### Problem description
Pictures stay out of this copy, which runs from the first line of the material through the line containing "Women's Square Fashion".

### Stored data
»»

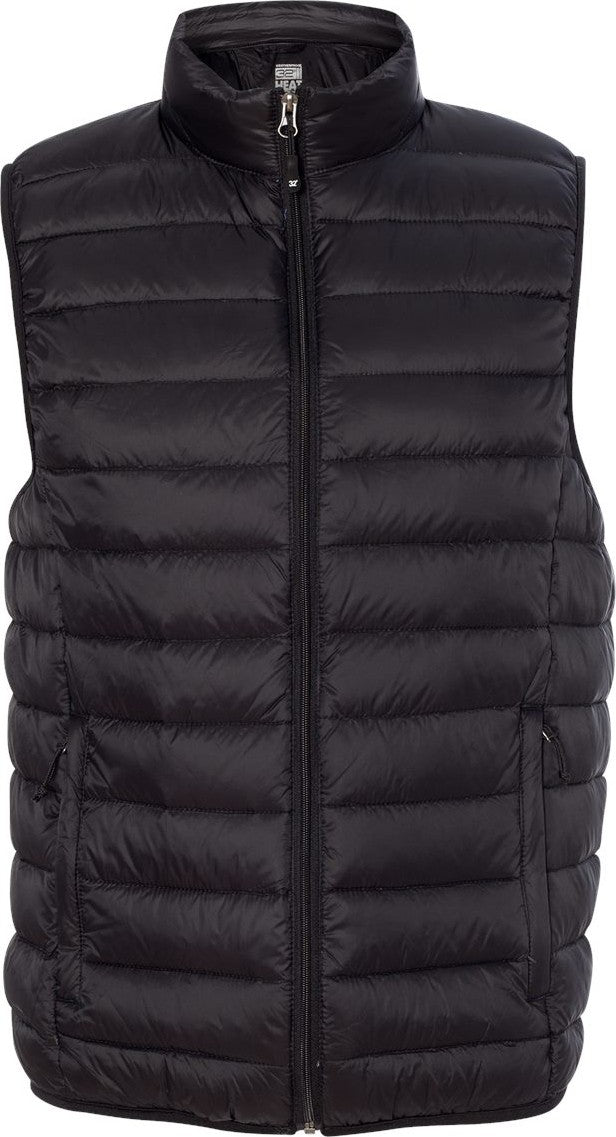 Front View of Black 32 Degrees Packable Down Vest - 16700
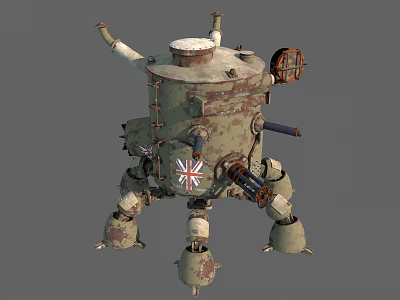 Vintage Mechanical Character With British Flag And Rusty Metal Structure 3d model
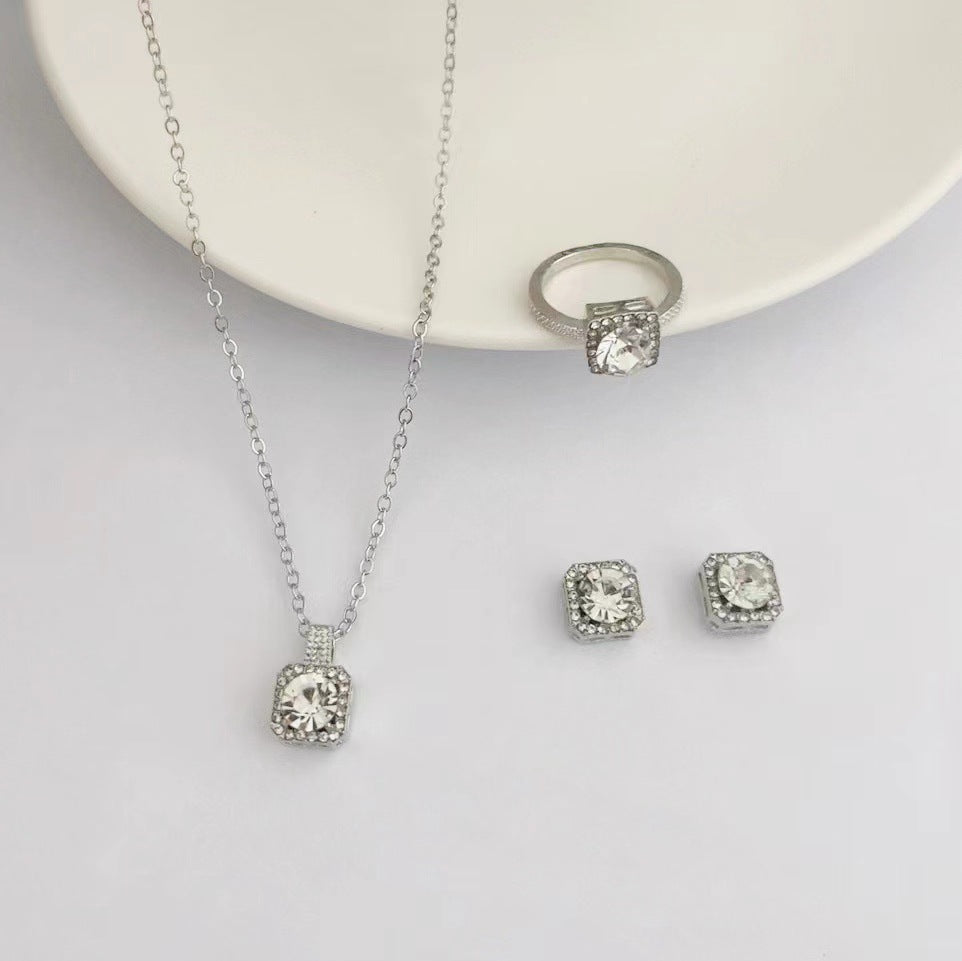 Women's Square Fashion Simple Ear Three-piece Hot Rings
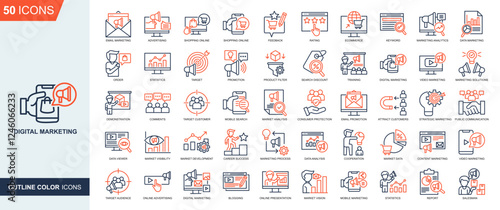Digital Marketing icon collection Outline Color Style. digital marketing, video marketing, marketing solutions, market development, career success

««

### Expected answer
 Front View of Black 32 Degrees Packable Down Vest - 16700
 Vintage Mechanical Character With British Flag And Rusty Metal Structure 3d model
 Women's Square Fashion Simple Ear Three-piece Hot Rings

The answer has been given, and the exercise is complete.